Tool #9: An iPhone, Nokia N95, or Blackberry. They are not equal, but the tradeoffs among them are tough to settle depending on your needs. The ability to capture video with a N95 is pretty awesome. And taking pictures (and uploading them to Flickr or wherever!) tends to come in handy for guerrilla marketing, and solves the problem of owning a camera but never having it on hand. But my N95 randomly turns off, sometimes when I’m receiving a call. File that under the Bad Feature category. iPhones don’t have that feature. Using an iPhone puts you in a constant state of arousal, which is a I guess a plus and a minus. All three are needed because you need to be plugged in to the Matrix. People cite the addiction factor: have one and you can’t escape the internets. But I think if you have a little control it can be the opposite: having these puppies can enable you to stay away from your computer longer, because you can check in without booting up.

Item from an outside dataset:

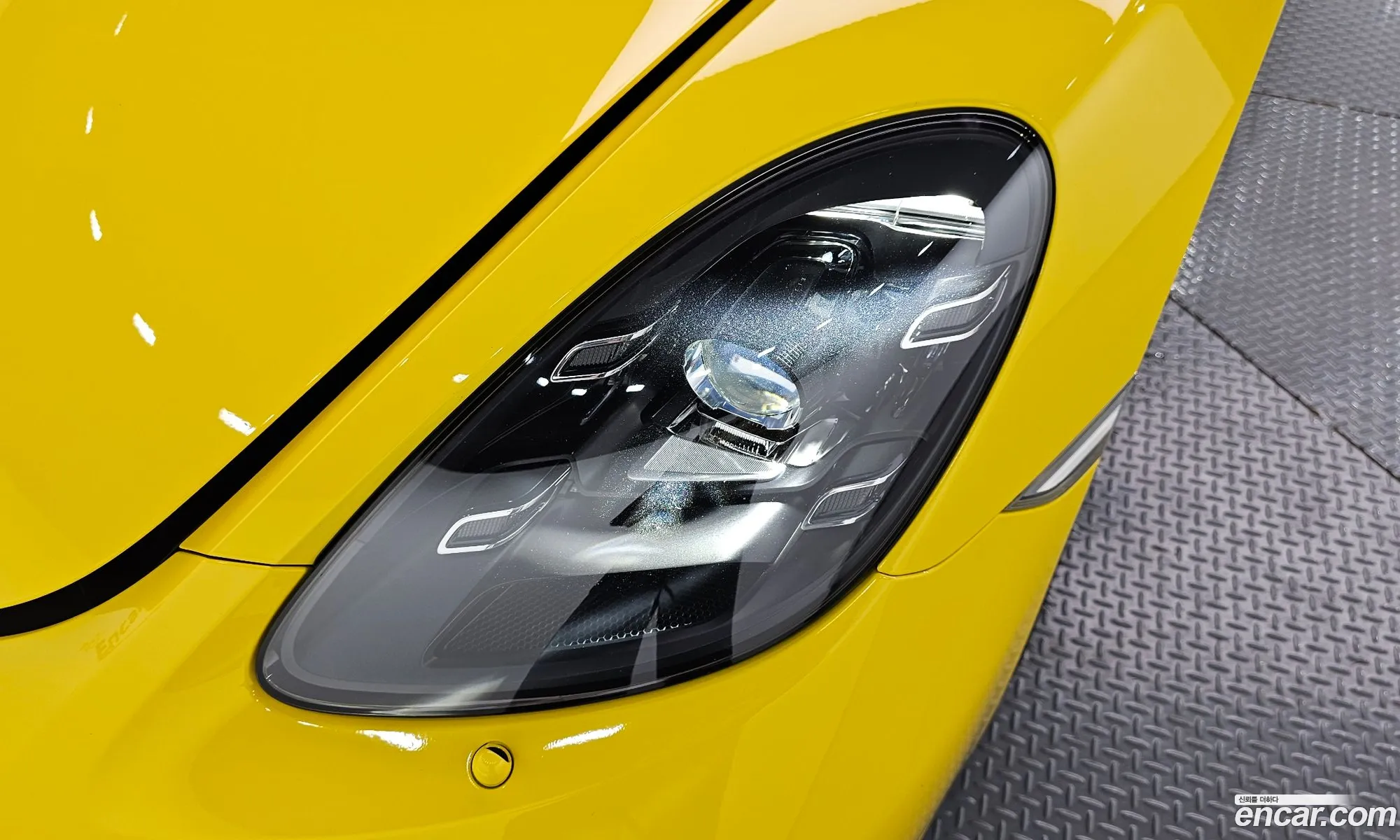 Porsche 718 Boxster 2019 WP0CB2985KS228188 — 23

Tool #8: Google Docs. This online document and spreadsheet system is far from perfect. But Word increasingly blows chunks. Meanwhile, Google docs is pretty awesome when it comes to collaboration. You can edit the same doc simultaneously with someone else. And collaboration is really the essence of existence. All the fancy features of Word? You don’t need them, because you aren’t publishing anything with this tool (other tools for that on the way).

Tool #7: Constant Contact. I just signed up for this service yesterday so maybe I'm overly pumped about it. It’s so clearly the way to go if you have customers or people that you would like to email on any regular basis. It’s a reliable way of formatting sending HTML formatted messages, managing contact lists, being generally considered reputable by humans and spam filters, endearing yourself to readers with a quick unsubscribe option, and tracking the effectiveness of your communications.

Tool #6: Photoshop. This product is absurdly expensive, and absurdly difficult to learn. But I can’t even begin to fathom how anyone would get by without it. You should have Photoshop if any of the following are true: you have a logo; you have a website; you publish documents; you have schwag. Sure, you could have someone else take care of this stuff for you. But as CEO you are probably Head Marketer and these functions can be pretty core to it.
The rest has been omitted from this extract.